Eine unheimliche Angst beschleicht die Jäger in den Wäldern rund um Biesenthal. Bang und vorsichtig nähern sie sich ihren Hochsitzen, von denen sie den hier sehr reichen Wildbestand gewöhnlich aufs Korn nehmen.

Eine unheimliche Angst beschleicht die Jäger in den Wäldern rund um Biesenthal. Bang und vorsichtig nähern sie sich ihren Hochsitzen, von denen sie den hier sehr reichen Wildbestand gewöhnlich aufs Korn nehmen. Doch seit dem Vorfall vor einigen Tagen klettert kein Jäger mehr ohne sorgfältige Prüfung der Pfosten und Sprossenleiter auf die so genannte Kanzel. Gleich zwölf Hochstände wurden im Revier in einer Nacht abgesägt und umgeworfen. "So lange die Täter nicht ermittelt sind, herrscht Unruhe", sagt Jäger Manfred Roy. "Es kann ja immer wieder passieren."

Doch die Polizei kommt bei ihren Ermittlungen nur schwer voran. So viel steht fest: Hinter der Aktion in Biesenthal stehen keine militanten Tierschützer oder Gegner der Jagd. Die zwölf zerstörten Hochsitze gehören nur einem einzigen Pächter. Er jagt in zwei Gebieten, die in der Nähe der Bundesstraße 2 rund dreieinhalb Kilometer auseinander liegen. Da der geschädigte Pächter aus Cloppenburg stammt, ging sogleich das Gerücht vom Ost-West-Krieg unter Jägern um.

Das findet Kuno Marzok, Vorsitzender der in einer Jagdgenossenschaft zusammengeschlossenen Landeigentümer und selbst Jagdpächter, einen "absoluten Quatsch": "Wir lassen uns keinen Streit zwischen Ossis und Wessis andichten." Hier werde versucht, die hiesigen Jäger zu kriminalisieren. Kein Jäger lege Hand an die Kanzel eines Kollegen. Doch der geschädigte Pächter aus Cloppenburg behauptet das Gegenteil. "Ich vermute die Täter in der Biesenthaler Jägerschaft", sagt Ferdinand Schwegmann. "Die alten Seilschaften halten zusammen und wollen mich und meine Jagdfreunde vertreiben." Schon 1999 seien mehrere seiner Hochsitze angesägt oder zerstört worden. Er habe bereits als Unternehmer in Biesenthal beim Bau eines Supermarktes große Probleme erlebt. Die Angriffe auf die Hochsitze gehörten mit in diese Kette, sagt Schwegmann, der den Schaden auf rund 15 000 Mark schätzt.

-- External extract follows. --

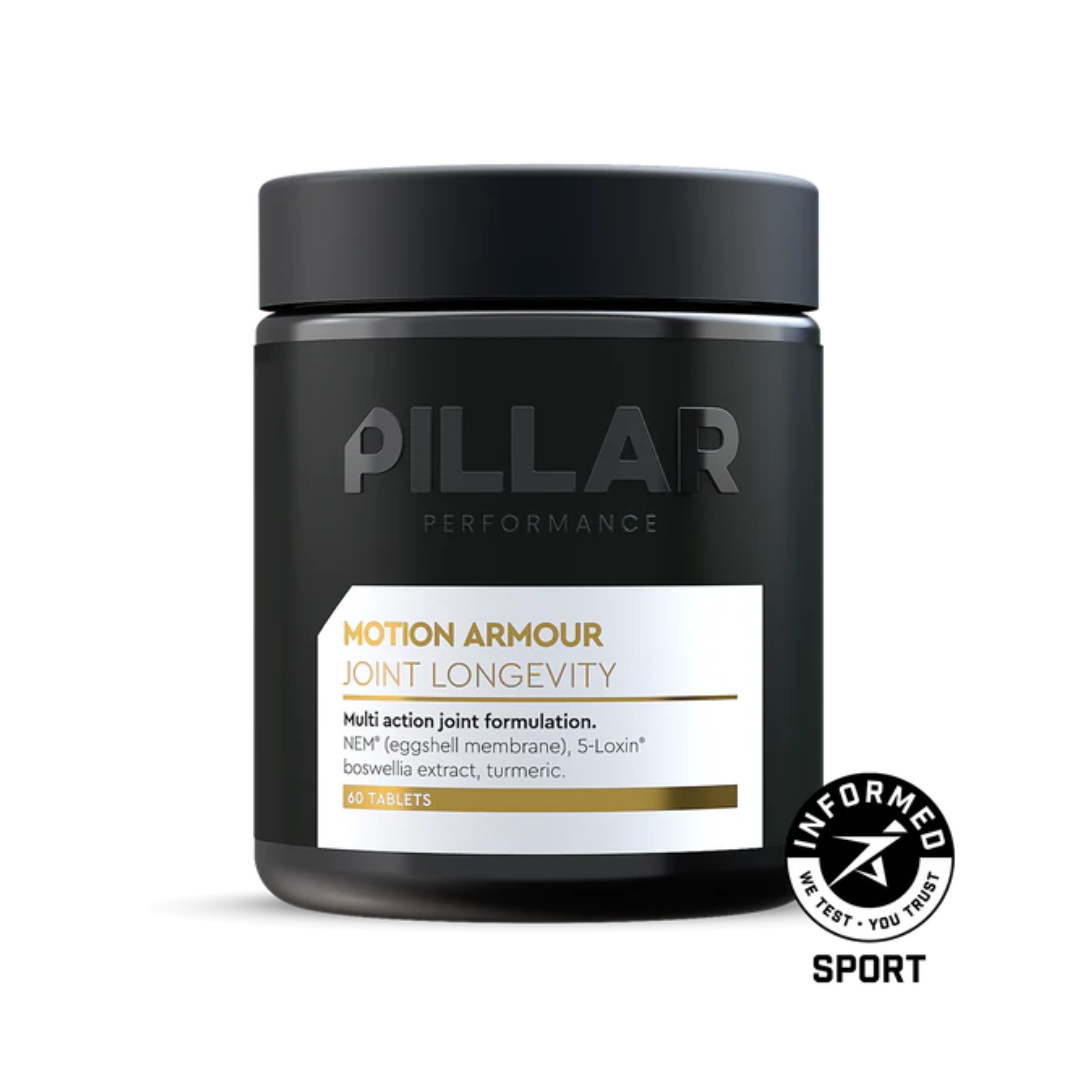 Pillar Performance Motion Armour (60 Caps) - Frontrunner Colombo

In der Kleinstadt brodelt unterdessen die Gerüchteküche. Schwegmann habe die ganze Sache selbst inszeniert, um Sympathien zu wecken, heißt es in der Kneipe. Andere Einheimische verdächtigen Angler, Pilzsammler oder Reiter als Täter. Denen seien die Jagdgäste des Cloppenburgers immer "dumm gekommen". Doch sofort regt sich am Nachbartisch Widerspruch. "Pilzsammler oder Jäger kennen sich doch in den Grenzen der Jagdreviere gar nicht aus", sagt ein energisch wirkender Mann. "Das müssen Jäger gewesen sein. Vielleicht hat sich der feine Herr mit einem seiner westdeutschen Jagdfreunde überworfen, der sich jetzt an ihm rächt." Einheimischen Jägern wird so eine Zerstörungswut jedenfalls nicht zugetraut. "Es gibt so etwas wie einen Ehrenkodex", meint Olaf Neu, Chef des Ordnungsamtes des Landkreises Barnim. "Die Kanzel des anderen Jägers bleibt tabu."

In absehbarer Zeit wird sich die Sache mit dem vermeintlichen Ost-West-Zwist unter den Jägern ohnehin erledigt haben. "Herr Schwegmann wird von der Jagdgenossenschaft keinen weiteren Pachtvertrag erhalten", sagt der Vorsitzende Kuno Marzok. 2004 sei damit Schluss. "Dann berücksichtigen wir nur noch Ortsansässige." Das sei keine Abschottung gegenüber dem Westen, sondern ein Gebot der Stunde. Einheimische könnten sich viel besser um ihr Jagdrevier kümmern als Auswärtige. Die Regelung sei durch das Brandenburger Jagdgesetz gedeckt. In der neuen Satzung der Jagdgenossenschaft ist sogar von "fachlicher und charakterlicher Eignung der Bewerber" die Rede. Der um seine Hochsitze gebrachte Schwegmann will um die Verlängerung der Pacht kämpfen. "Aber ich überlege mir schon, ob es sich bei dieser Feindschaft in Biesenthal lohnt", sagt er. Auch wenn dann die Hochsitz-Säger ihr Ziel erreicht hätten.